→ Given material:
────────────────────

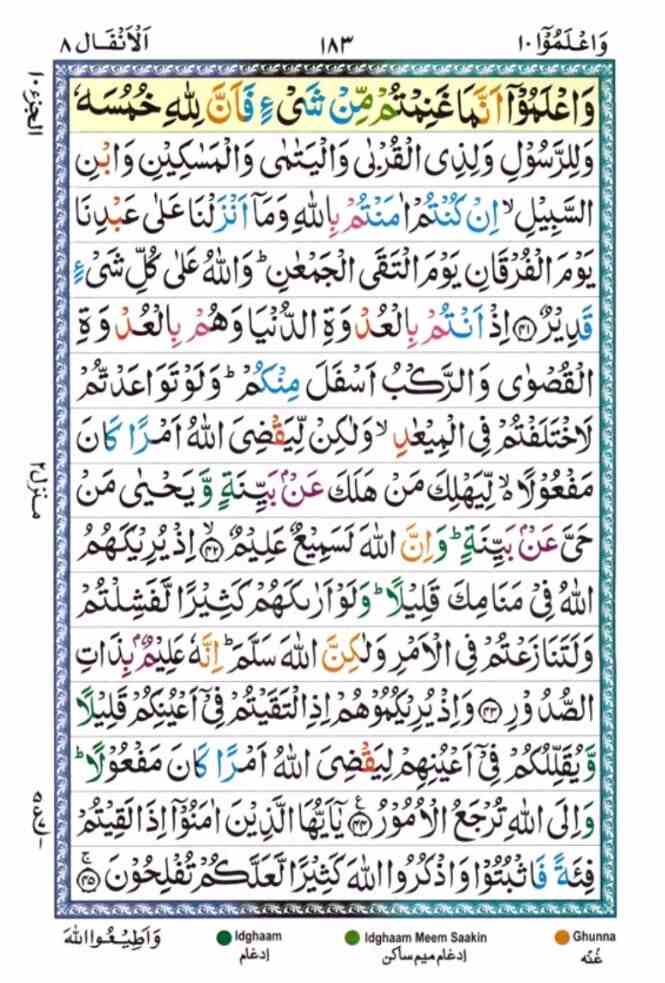 Surah Al Anfal 183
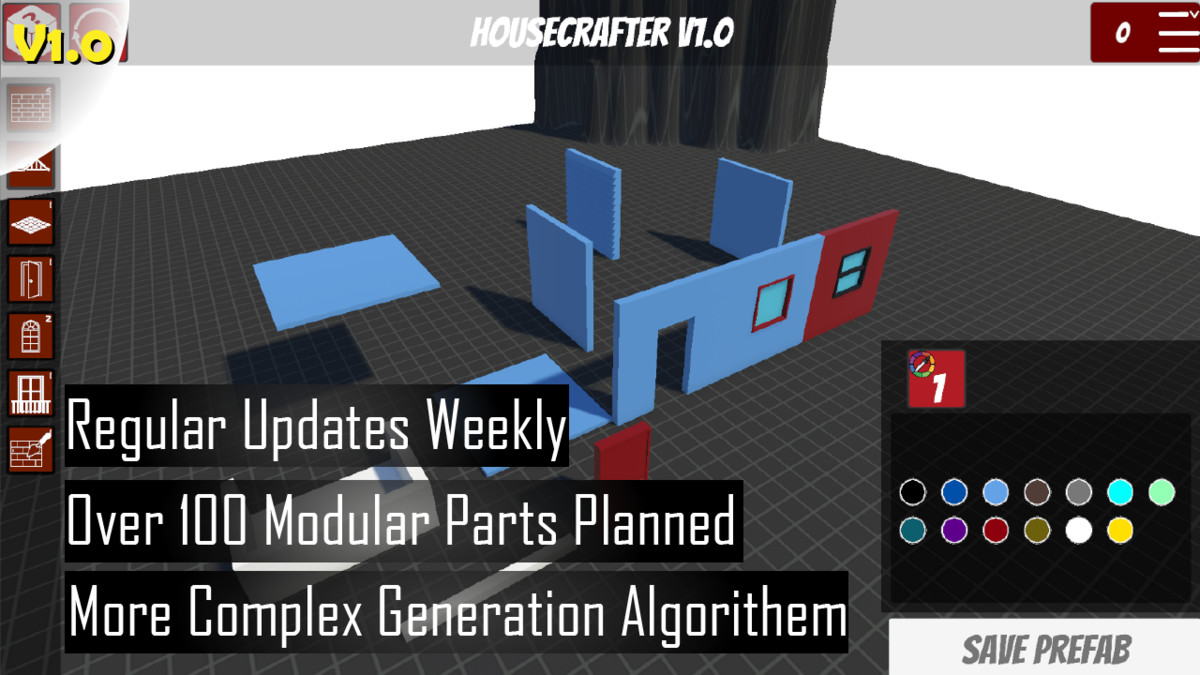 House Crafter V1.0- Modular Building Designer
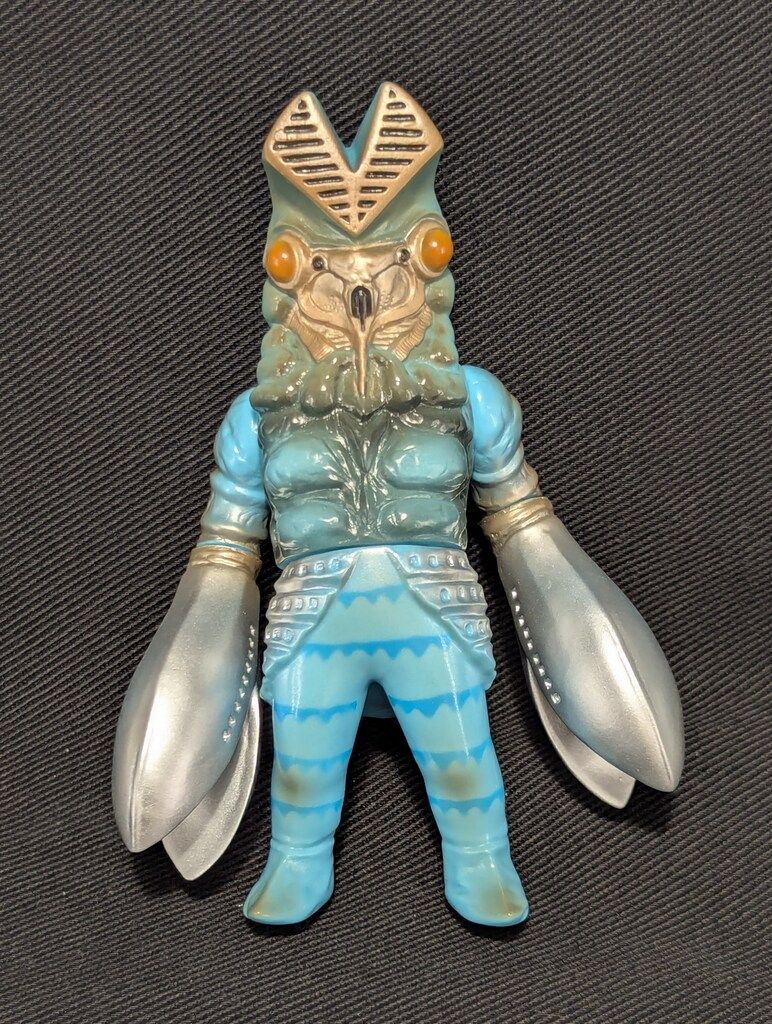 マックストイ 円谷プロ ミニソフビ怪獣倉庫シリーズ バルタン星人 薄い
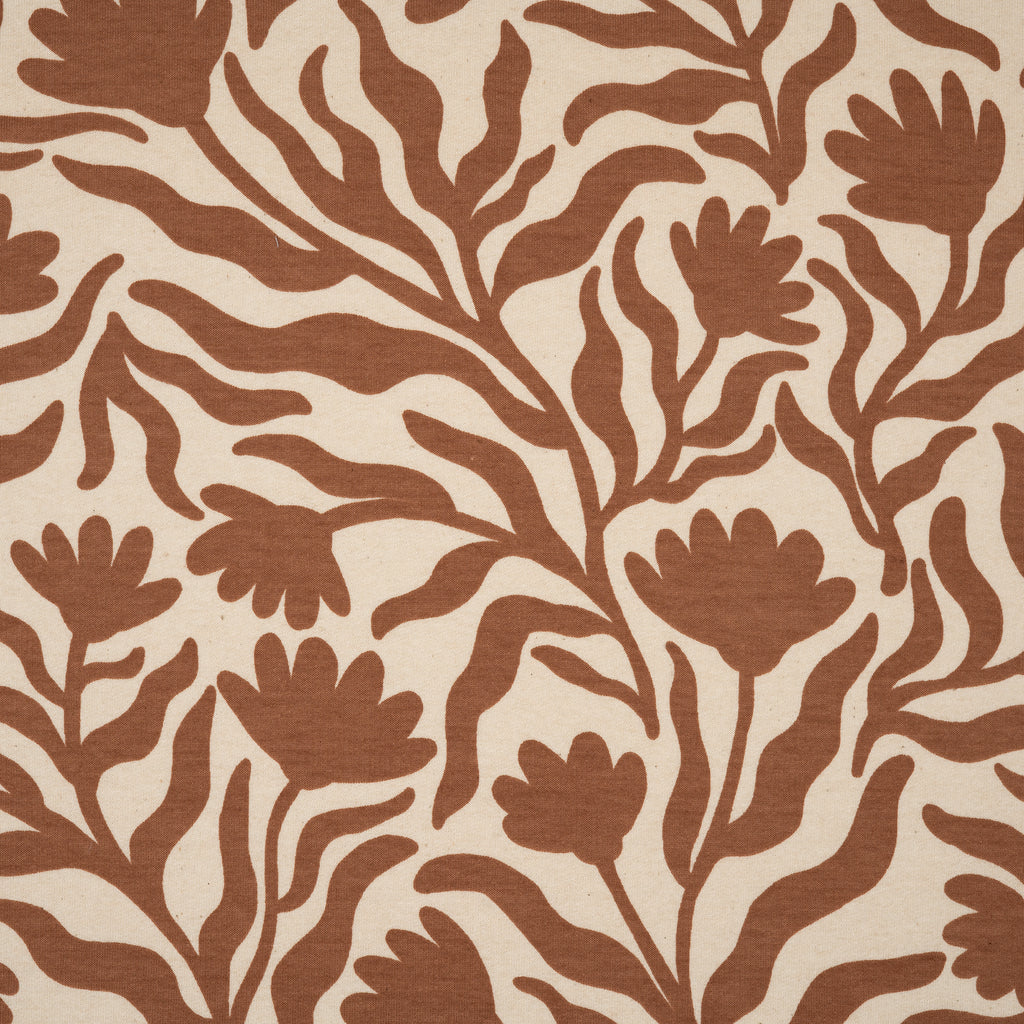 Kuschelsweat Naturbelassen Blumen | Stoffwerk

────────────────────

→ Work task: Write out the material above once more, exactly as it reads, with no pictures.

→ The completed task:
 Surah Al Anfal 183
 House Crafter V1.0- Modular Building Designer
 マックストイ 円谷プロ ミニソフビ怪獣倉庫シリーズ バルタン星人 薄い
 Kuschelsweat Naturbelassen Blumen | Stoffwerk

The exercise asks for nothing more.